Magnifique « Kroum » au TGP avec des comédiens russes éblouissants
C’est un spectacle fort en humanité, formidablement interprété qui se joue durant dix jours au Théâtre Gérard Philippe de Saint-Denis avec 12 comédiens et un musicien du Théâtre Alexandrinski de Saint-Petersbourg. Une comédie colorée à l’humour noir, montée comme une comédie à l’italienne, qui dépeint des hommes et des femmes à la dérive de leurs désirs avec beaucoup de tendresse et un jeu d’acteurs totalement captivant !

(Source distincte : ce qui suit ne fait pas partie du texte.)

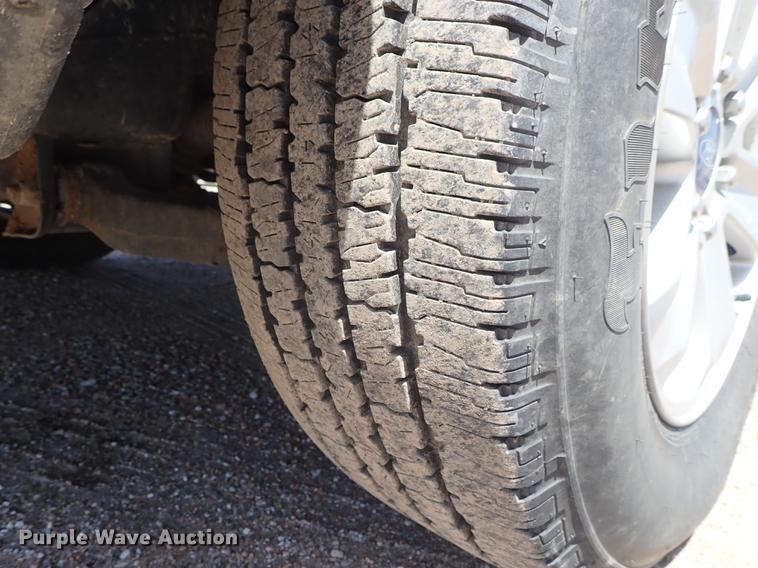 image for item DE5365 2015 Ford F150 Super Crew pickup truck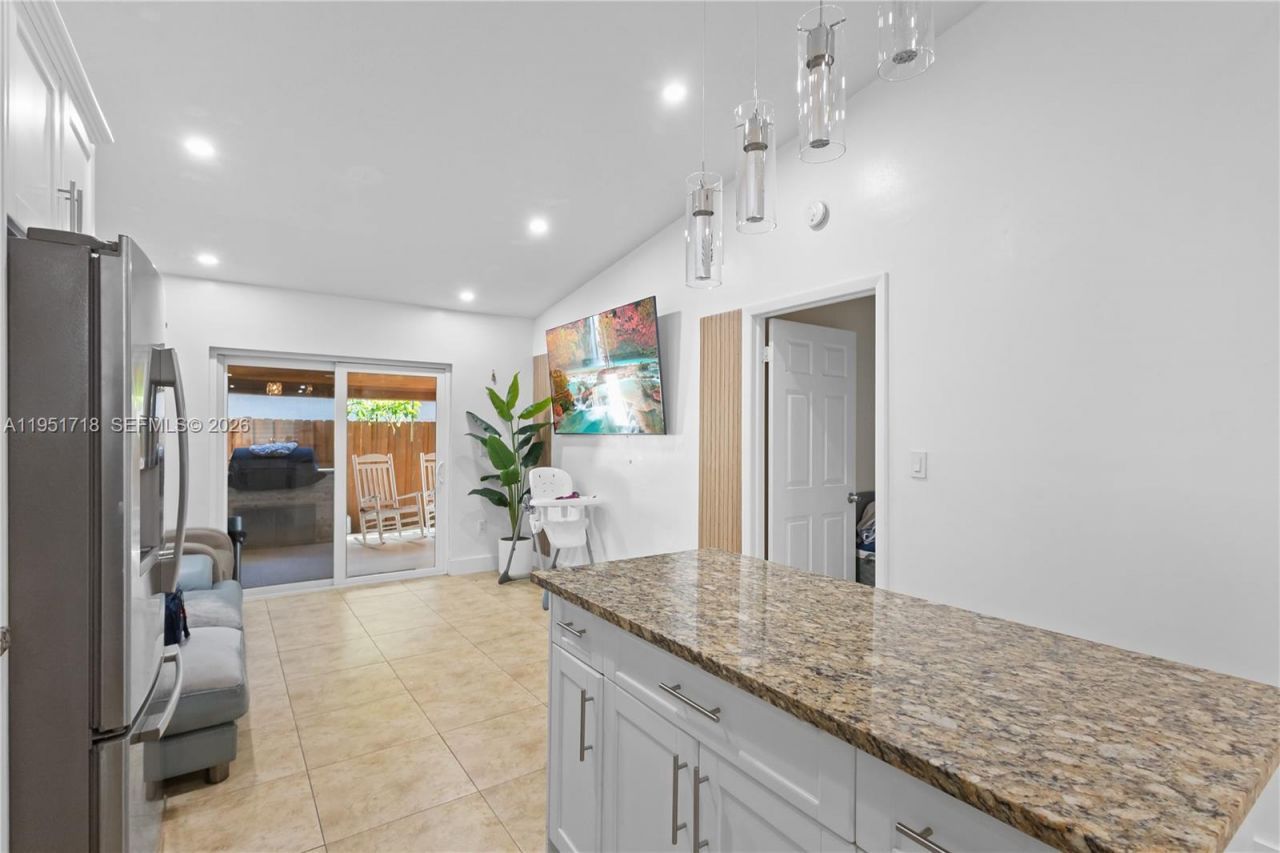 10358 NW 128th Ter , Hialeah Gardens, FL 33018 Photo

Comédie avec deux mariages et deux enterrements
Hanokh Levin, mort prématurément en 1999, est actuellement l’auteur de théâtre israélien le plus intéressant par la force de son écriture traduite dans le monde entier. Originale, dérangeante, provocante et en même temps terriblement poétique et burlesque, sa prose décrit des gens ordinaires, nourris aux rêves et aux clichés de leur milieu, tendus comme des archers vers leur cible, mais qui la ratent en permanence. Ratés de l’existence, célibataires en manque de femme, épouses en manque de tendresse conjugale, fils étouffés par leur mère, filles étouffées par leur père, ces « microbes » de l’humanité qui cherchent ailleurs ce qu’ils n’ont pas chez eux en voyageant loin, en réussissant des diplômes, en voulant « tout » tout de suite, ce sont nous-mêmes. Levin sait de quoi il parle, attaquant ainsi par le rire tous les piliers des sociétés occidentales, des traditions du mariage à la réussite financière.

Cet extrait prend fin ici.